A widely employed method for predicting the output waveform from a linear system. It finds special application in modelling the acoustic waveform produced during speech, being used as a basis for speech coding, speech analysis, and speech synthesis; when used for speech coding it is known as linear predictive coding (LPC). Linear prediction relies on the fact that speech can be described in terms of an acoustic excitation waveform exciting the formants of the vocal tract. For those sounds in speech that have a pitch associated with them, such as the vowels in ‘feed’ and ‘card’, the formants are excited by a periodic acoustic waveform resulting from glottal airflow. This assumes a train of narrow pulses as the acoustic excitation, with an overall zero decibel per octave flat spectral shape, where each pulse results from a vocal-fold closure. The response of each formant to each individual pulse will be a sine wave at the formant frequency whose amplitude decays exponentially dependent on the bandwidth of the formant; each individual output sample from a formant can then be predicted mathematically from previous output samples.

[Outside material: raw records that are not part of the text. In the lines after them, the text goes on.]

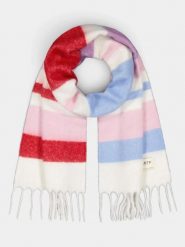 Szalik damski Barts Eluzabeth. Białe szaliki Barts, na zimę, bez wzorów, z materiału, eleganckie. Za 180.50 zł.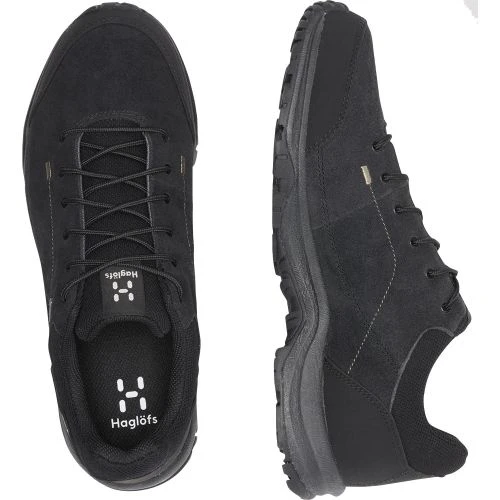 Haglofs Mens Krusa GT Waterproof GTX Walking Shoes - True Black 4 Haglofs Mens Krusa GT Waterproof GTX Walking Shoes - True Black - Image 2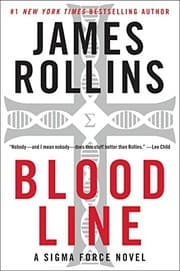 Tapa de Bloodline: A Sigma Force Novel (Sigma Force Novels)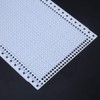 10Pcs Knitting Machine Punch Card, 24 Stitch Blank Punch Card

In LP analysis of speech, a spectral estimate is made based on an all-pole filter (having only poles in its frequency response) that gives the minimum squared error when its output to a spectrally flat pulse waveform input is compared with the speech being analysed. LP speech analysis relies on five key assumptions: the ringing of the formants during voiced speech production is purely due to the most recent vocal fold excitation acoustic pressure pulse; the formant frequencies remain constant during each cycle; the formant bandwidths remain constant during each cycle; the vocal tract response can be completely modelled in terms of formants for all speech sounds; the acoustic excitation to the vocal tract can be modelled as being spectrally flat (0 dB per octave). In order to lessen the effect of these in practice, LP is usually carried out on input frames of 10–25 milliseconds in duration.
The error between the predicted speech and the input speech is known as the residual, which exhibits a large discontinuity at each excitation pulse as these are not predictable. When LPC is used as a means of coding speech for transmission, a more natural sounding output can be achieved by transmitting the residual as additional data to excite the LPC model in residual-excited linear prediction or residual pulse linear predictive coding (RPLPC). Another method for improving the naturalness of resynthesized LPC-based speech is by coding the excitation signal as a series of pulses of varying amplitudes during each cycle; this is known as multipulse linear predictive coding (MPLPC). Alternatively, the excitation signal for resynthesis can be selected from a stored codebook of Gaussian sequence with zero mean in code-excited linear prediction (CELP). A variation is vector sum excited linear prediction in which the excitation signal is reconstructed from linear combinations of stored vectors.